Ao serem expostas ao conceito de "trânsito induzido" (ou "provocado"), muitas pessoas perguntam: então o que o poder público deve fazer, nada? Em uma palavra, a resposta é essa mesmo: "nada". Explicando um pouco melhor: nada para paparicar os usuários de automóvel, o máximo possível para melhorar a vida de quem anda de transporte público, a pé ou de bicicleta. Ou, ainda sendo mais radical: os governos devem até mesmo fazer alguma coisa para complicar mais o trânsito dos carros particulares, induzindo os motoristas a desistirem.

Há muito tempo, os economistas perceberam que a melhor receita para criar consenso contra a inflação é a hiperinflação. Foi o que aconteceu na Alemanha após a Primeira Guerra Mundial (quando o salário de um trabalhador pobre correspondia a um carrinho de feira de notas de dinheiro) ou mesmo no Brasil do final dos anos 1980 até o início dos anos 1990, quando a taxa de desvalorização da moeda chegou a 80% ao mês. Inflação baixa, mesmo que constante e consistente como temos hoje no país, não é tão convincente para fazer as pessoas aceitarem sacrifícios. Mas quando o dinheiro se esvai a cada semana, todos topam os sofrimentos dos ajustes para alcançar estabilidade monetária.

O mesmo acontece com o trânsito: ninguém deixa o conforto do carro se não se vir obrigado a isso, poucos adotam o transporte público voluntariamente. Algo precisa forçar essa decisão. E a melhor forma é deixar o congestionamento revelar toda a sua gravidade.

O conceito de "trânsito induzido" é fruto da constatação feita por engenheiros de tráfego nos EUA e na Inglaterra, ao observar que toda obra de melhoria viária resultava em congestionamento ainda maior, no médio prazo, depois de alguma melhora inicial. Ao saber que o tráfego ficou bom em certa via ou área da cidade, gente que não usava carro passa a utilizá-lo para suas perambulações diárias.

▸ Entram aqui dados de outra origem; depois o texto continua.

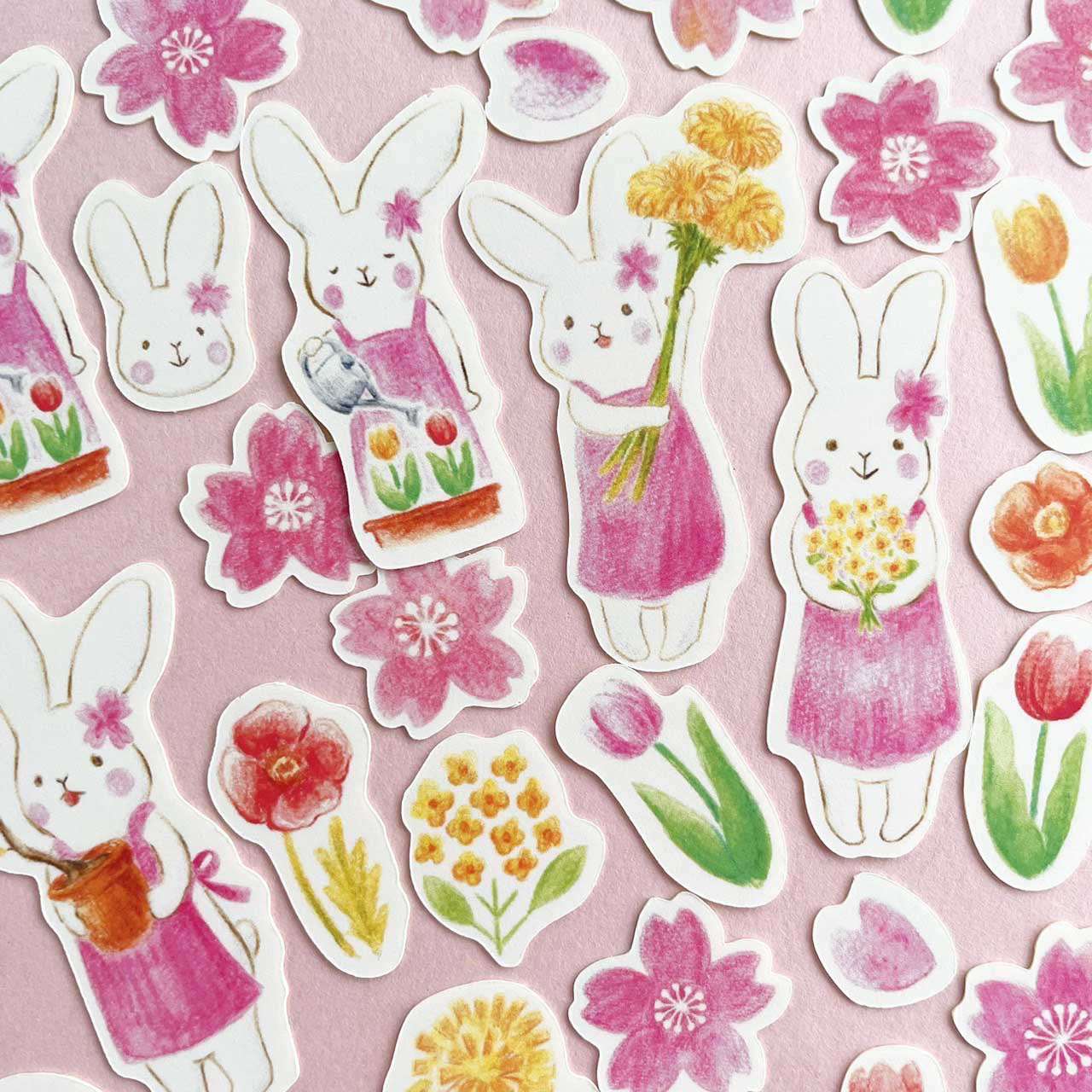 ⸝⸝•ᴗ•⸝⸝ )お洒落なうさぎさんのセット♡♡ 可愛いい❤️❤️フレークシール(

Inversamente, o trânsito pode ser reprimido, por assim dizer, reduzindo as faixas de rolamento; fechando avenidas; tirando carros particulares de faixas reservadas para transporte público; eliminando vagas de estacionamento nas ruas para destiná-las às ciclovias (como agora propôs a Prefeitura de São Paulo) e restringindo a criação de garagens em áreas centrais (ao contrário do que propôs a mesma Prefeitura no ano passado). Enfim, medidas que agravam as dificuldades para aqueles que, mesmo tendo acesso a transporte público, insistam em andar de carro.

Para quem gosta de olhar o chamado "primeiro mundo": Paris e Nova York fazem um pouco de tudo isso. Inclusive, fecham cerca de 30 km de ruas a cada ano, reduzindo as áreas disponíveis para uso de carros particulares.

Nenhuma dessas medidas, se adotada por aqui, será novidade, portanto: elas já foram todas testadas e avaliadas pelas grandes cidades dos países ditos desenvolvidos, que têm congestionamentos como São Paulo e Rio, apesar de infraestrutura melhor de transportes públicos. O resultado das experiências acumuladas é que aquelas cidades não gastam mais fortunas em dinheiro dos contribuintes para construir soluções viárias para automóveis. Ao contrário: melhoram a vida dos pedestres, dos ciclistas e dos usuários de transporte coletivo, mesmo que, às vezes, atazanando os donos de carros.